Lightning-AI / lightning-thunder

Make PyTorch models up to 40% faster! Thunder is a source to source compiler for PyTorch. It enables using different hardware executors at once; across one or thousands of GPUs.
Apache License 2.0
1.18k stars 77 forks source link

Empty autocast regions are preserved by Dynamo and given to compilers to optimize #1342

Open IvanYashchuk opened 1 week ago

IvanYashchuk commented 1 week ago

🐛 Bug

Dynamo may create empty graphs where we do redundant work if we use a normal compilation pipeline. Here's an example of an empty function with just autocast region applied on an empty block of code. I think we should add a step before the splitter to remove empty autocast regions, @kshitij12345 what are your thoughts on this?

@tfogal discovered a similar empty graph in his NeMo NeVA investigations.

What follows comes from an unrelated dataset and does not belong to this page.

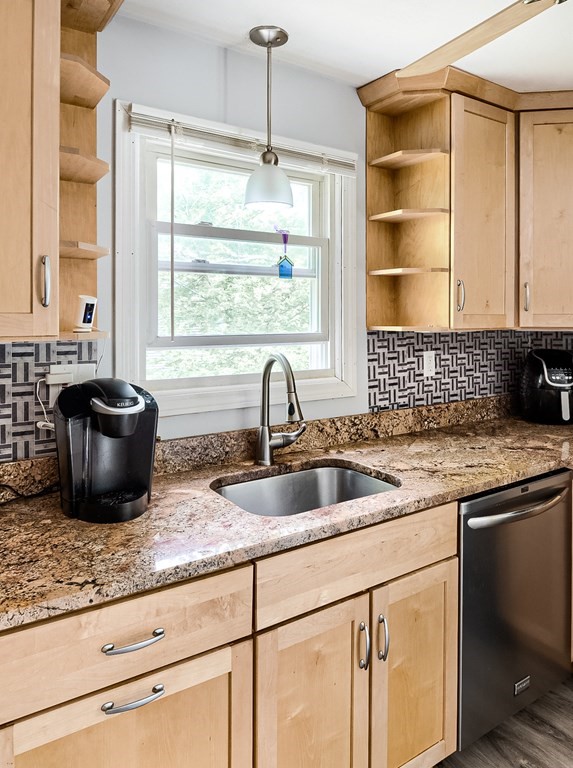 5 Hillside Road Leicester, MA 01611 - Photo 10 of 27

In [1]: from thunder.dynamo import ThunderCompiler

In [2]: import torch

In [3]: def f():
   ...:     with torch.autocast(dtype=torch.bfloat16, device_type="cuda"):
   ...:         pass
   ...:     return
   ...: 

In [4]: backend = ThunderCompiler()
/home/iyashchuk/dev/lightning-thunder/thunder/dynamo/compiler.py:19: UserWarning: The ThunderCompiler is in active development and may not work as expected. Please report any issues you encounter to the Lightning Thunder team.
  warnings.warn(

In [5]: jf = torch.compile(backend=backend)(f)

In [6]: jf()

In [7]: backend.subgraph_infos[0].original_graph_module.print_readable()
class GraphModule(torch.nn.Module):
    def forward(self):
        # No stacktrace found for following nodes
        _enter_autocast = torch.amp.autocast_mode._enter_autocast('cuda', torch.bfloat16, True, None)
        _exit_autocast = torch.amp.autocast_mode._exit_autocast(_enter_autocast);  _enter_autocast = None
        return ()

In [10]: print(backend.subgraph_infos[0].split_graph_module.graph)
graph():
    %inductor_1 : [num_users=0] = call_module[target=inductor_1](args = (), kwargs = {})
    return ()

In [11]: print(backend.subgraph_infos[0].split_graph_module.inductor_1.graph)
graph():
    %_enter_autocast : [num_users=1] = call_function[target=torch.amp.autocast_mode._enter_autocast](args = (cuda, torch.bfloat16, True, None), kwargs = {})
    %_exit_autocast : [num_users=0] = call_function[target=torch.amp.autocast_mode._exit_autocast](args = (%_enter_autocast,), kwargs = {})
kshitij12345 commented 2 days ago

I think we should add a step before the splitter to remove empty autocast regions, @kshitij12345 what are your thoughts on this?

Yes, we should do that. Even, inductor optimizes this away.